I met Team Indus while I was in Mumbai to speak at INK last November. When they told me they were competing for the Google Lunar XPRIZE. I didn’t take them seriously because I had seen their counterpart in Silicon Valley, Moon Express, which has the support of tech moguls such as Naveen Jain. How could a scrawny little startup in Bangalore take on Naveen Jain, former NASA engineer Bob Richards, and NASA itself, I thought. The Moon Express team is a force of nature, has the advantage of being on the NASA Ames Research campus, and has been given R&D worth billions of dollars by NASA.

Team Indus was also up against Astrobotic, which is a spinoff from the Carnegie Mellon University Robotics Institute, and Israel-based SpaceIL, which has the backing of the country’s top research institutes.

The company’s win blew my mind. Even though the subject of my INK talk was how Indian entrepreneurs could help change the world, I didn’t think it was already happening.

(See my Jan. 1 story on the Indian tech scene and watch this talk to learn more: Why India shouldn’t be succeeding but is.)

The Bangalore-based startup was founded by former I.T. executive Rahul Narayan and four of his friends: an Air Force pilot, a marketing executive, an investment banker, and an aerospace engineer. None of the team had experience in building spacecraft or robots, yet they were able to build technology that could navigate to the moon.

Narayan says he expects completion of his space mission to cost around $30 million. Moon Express chief executive Bob Richards estimates $50 million. These numbers are higher than the $20 million prize that they hope to win. But both see far greater opportunities: They hope to be pioneers in what could be a trillion-dollar industry. Richards is looking to mine the moon for minerals and bring them back to Earth. Each payload could be worth billions.

The Google Lunar XPRIZE has 26 teams competing from around the world. Collectively, they will spend in the hundreds of millions of dollars on their efforts. For them, it is not all about winning the contest; many of the losers will still commercialize their space technologies or put their knowledge to use in other fields. This is the power of such competitions. They lead entrants to spend multiples of the offered purse on innovative solutions. And they motivate people outside the industry, such as Narayan, to enter it with out-of-the-box thinking.

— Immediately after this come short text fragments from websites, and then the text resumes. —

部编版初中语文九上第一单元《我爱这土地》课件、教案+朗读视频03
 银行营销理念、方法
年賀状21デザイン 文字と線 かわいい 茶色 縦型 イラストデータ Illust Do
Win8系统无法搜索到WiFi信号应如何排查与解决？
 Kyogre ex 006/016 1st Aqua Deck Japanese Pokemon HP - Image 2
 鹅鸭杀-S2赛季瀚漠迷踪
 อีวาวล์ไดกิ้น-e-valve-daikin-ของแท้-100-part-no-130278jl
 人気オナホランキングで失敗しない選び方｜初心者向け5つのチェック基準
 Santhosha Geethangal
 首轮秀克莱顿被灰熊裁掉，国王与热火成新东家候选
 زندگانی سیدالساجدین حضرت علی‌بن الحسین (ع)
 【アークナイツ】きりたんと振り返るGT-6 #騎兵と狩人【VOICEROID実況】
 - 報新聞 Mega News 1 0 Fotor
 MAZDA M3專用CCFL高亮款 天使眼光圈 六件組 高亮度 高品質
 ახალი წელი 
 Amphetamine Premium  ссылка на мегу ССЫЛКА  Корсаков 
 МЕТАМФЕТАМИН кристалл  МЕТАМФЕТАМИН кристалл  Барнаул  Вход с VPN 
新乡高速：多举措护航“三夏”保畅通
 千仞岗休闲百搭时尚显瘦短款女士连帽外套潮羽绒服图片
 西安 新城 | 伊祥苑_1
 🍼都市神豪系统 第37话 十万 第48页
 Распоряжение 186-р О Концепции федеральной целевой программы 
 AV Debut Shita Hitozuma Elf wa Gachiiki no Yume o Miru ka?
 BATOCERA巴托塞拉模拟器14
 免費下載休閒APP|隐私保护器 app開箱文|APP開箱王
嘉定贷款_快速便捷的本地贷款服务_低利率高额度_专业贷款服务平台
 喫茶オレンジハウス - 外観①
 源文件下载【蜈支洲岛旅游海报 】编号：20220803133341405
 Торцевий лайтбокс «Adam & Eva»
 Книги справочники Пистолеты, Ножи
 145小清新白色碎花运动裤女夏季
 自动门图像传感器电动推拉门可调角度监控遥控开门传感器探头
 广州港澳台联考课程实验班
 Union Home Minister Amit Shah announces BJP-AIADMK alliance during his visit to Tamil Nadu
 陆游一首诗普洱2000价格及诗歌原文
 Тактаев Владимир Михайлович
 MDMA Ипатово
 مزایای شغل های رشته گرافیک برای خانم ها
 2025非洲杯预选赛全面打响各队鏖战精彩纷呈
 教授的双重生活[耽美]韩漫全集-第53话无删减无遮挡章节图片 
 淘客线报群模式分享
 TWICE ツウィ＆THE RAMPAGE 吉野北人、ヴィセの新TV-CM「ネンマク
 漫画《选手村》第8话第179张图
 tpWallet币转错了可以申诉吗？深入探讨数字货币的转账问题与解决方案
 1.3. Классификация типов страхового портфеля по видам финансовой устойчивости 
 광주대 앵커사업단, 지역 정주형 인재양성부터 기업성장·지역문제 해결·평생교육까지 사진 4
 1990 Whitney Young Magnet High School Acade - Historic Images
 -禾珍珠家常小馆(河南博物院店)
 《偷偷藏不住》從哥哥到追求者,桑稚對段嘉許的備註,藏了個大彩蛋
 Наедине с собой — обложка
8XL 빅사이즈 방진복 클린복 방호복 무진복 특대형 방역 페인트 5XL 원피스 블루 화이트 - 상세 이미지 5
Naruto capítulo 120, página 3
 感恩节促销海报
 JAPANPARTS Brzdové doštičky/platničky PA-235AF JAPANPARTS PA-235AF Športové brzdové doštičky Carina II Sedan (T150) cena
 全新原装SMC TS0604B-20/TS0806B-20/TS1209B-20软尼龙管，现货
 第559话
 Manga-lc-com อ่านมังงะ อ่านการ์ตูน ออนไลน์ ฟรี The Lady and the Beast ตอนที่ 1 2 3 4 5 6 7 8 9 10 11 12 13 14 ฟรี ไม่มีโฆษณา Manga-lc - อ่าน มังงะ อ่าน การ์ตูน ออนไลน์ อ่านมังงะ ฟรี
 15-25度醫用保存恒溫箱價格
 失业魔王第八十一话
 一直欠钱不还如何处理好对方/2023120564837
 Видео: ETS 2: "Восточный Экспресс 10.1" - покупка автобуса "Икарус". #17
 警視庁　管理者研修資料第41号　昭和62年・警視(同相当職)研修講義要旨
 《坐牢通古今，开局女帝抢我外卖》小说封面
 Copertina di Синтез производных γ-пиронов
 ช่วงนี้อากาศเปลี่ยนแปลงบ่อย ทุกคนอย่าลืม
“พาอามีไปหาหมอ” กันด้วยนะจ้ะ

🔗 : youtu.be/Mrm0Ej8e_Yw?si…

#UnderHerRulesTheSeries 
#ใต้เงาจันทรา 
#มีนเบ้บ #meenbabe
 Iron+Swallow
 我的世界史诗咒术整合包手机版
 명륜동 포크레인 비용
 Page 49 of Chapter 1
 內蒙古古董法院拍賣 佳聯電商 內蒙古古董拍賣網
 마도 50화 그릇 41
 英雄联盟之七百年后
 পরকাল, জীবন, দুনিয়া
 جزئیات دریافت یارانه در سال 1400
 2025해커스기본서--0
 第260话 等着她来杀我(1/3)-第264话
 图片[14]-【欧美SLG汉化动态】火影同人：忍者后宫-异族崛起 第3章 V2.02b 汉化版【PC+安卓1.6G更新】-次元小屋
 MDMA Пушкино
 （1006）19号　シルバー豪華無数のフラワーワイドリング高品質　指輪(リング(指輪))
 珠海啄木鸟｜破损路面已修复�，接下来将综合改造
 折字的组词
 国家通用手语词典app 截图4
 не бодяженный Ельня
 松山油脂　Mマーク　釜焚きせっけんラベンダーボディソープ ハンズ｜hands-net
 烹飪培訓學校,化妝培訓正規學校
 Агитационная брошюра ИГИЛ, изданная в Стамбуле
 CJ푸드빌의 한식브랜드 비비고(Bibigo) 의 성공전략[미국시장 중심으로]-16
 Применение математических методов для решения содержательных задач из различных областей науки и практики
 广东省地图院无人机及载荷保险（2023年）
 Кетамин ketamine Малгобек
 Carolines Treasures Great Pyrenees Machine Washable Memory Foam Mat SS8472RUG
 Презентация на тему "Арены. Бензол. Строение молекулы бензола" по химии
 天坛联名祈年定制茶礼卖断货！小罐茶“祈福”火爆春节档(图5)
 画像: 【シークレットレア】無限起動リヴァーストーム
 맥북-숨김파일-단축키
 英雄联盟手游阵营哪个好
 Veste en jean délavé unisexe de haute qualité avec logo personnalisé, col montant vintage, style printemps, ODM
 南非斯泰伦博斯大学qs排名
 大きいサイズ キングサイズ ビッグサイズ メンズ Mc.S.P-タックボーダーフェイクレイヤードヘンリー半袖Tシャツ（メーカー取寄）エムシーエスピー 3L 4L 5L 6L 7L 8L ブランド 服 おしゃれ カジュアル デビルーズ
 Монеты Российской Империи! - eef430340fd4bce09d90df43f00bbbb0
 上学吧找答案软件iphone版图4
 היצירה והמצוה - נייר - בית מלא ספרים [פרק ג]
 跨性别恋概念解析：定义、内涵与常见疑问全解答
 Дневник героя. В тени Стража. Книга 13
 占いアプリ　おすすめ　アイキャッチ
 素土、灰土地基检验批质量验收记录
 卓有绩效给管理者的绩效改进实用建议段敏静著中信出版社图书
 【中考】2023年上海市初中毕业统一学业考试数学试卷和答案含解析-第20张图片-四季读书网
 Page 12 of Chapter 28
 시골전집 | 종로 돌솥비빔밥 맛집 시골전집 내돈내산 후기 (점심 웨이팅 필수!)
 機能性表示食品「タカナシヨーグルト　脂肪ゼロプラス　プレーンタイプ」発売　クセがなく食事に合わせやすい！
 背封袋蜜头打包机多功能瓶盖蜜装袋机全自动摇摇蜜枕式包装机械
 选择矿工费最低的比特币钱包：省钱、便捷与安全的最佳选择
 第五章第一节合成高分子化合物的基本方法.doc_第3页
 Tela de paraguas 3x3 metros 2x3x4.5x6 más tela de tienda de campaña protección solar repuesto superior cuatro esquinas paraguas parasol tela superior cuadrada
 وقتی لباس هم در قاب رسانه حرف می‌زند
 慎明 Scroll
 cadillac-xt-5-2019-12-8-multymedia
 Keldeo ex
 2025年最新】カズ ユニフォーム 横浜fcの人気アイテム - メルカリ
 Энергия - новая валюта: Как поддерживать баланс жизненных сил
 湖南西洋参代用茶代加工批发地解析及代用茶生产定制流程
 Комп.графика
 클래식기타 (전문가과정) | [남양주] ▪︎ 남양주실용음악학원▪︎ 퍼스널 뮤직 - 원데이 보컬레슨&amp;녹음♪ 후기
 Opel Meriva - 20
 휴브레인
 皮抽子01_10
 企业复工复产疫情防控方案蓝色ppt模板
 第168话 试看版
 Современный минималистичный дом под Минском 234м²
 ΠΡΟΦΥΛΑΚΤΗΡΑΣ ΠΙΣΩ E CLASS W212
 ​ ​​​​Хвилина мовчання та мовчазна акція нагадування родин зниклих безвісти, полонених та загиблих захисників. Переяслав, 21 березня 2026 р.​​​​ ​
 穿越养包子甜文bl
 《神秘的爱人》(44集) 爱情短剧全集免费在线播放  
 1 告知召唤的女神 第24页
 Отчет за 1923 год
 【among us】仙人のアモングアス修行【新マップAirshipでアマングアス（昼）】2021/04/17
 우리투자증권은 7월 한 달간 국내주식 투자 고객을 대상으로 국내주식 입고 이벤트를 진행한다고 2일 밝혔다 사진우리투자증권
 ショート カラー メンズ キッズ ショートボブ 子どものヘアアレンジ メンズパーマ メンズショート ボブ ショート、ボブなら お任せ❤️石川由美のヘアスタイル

Innovation prizes are not new. In fact, a number of celebrated historical feats were made possible, in part, by the desire to win these prizes. In the 1920s, New York hotel owner Raymond Orteig offered a $25,000 prize to the first person to fly non-stop between New York and Paris. Several unsuccessful attempts were made before an American airmail pilot named Charles Lindbergh won the competition in 1927 with his plane, The Spirit of St. Louis
Lindbergh’s achievement made him a national hero and a global celebrity. And it sparked the interest and investment that led to the modern aviation industry.

That is what I expect will come of the Lunar XPRIZE. And that is why I am looking forward to booking my round-trip ticket to the moon one summer in the 2030s.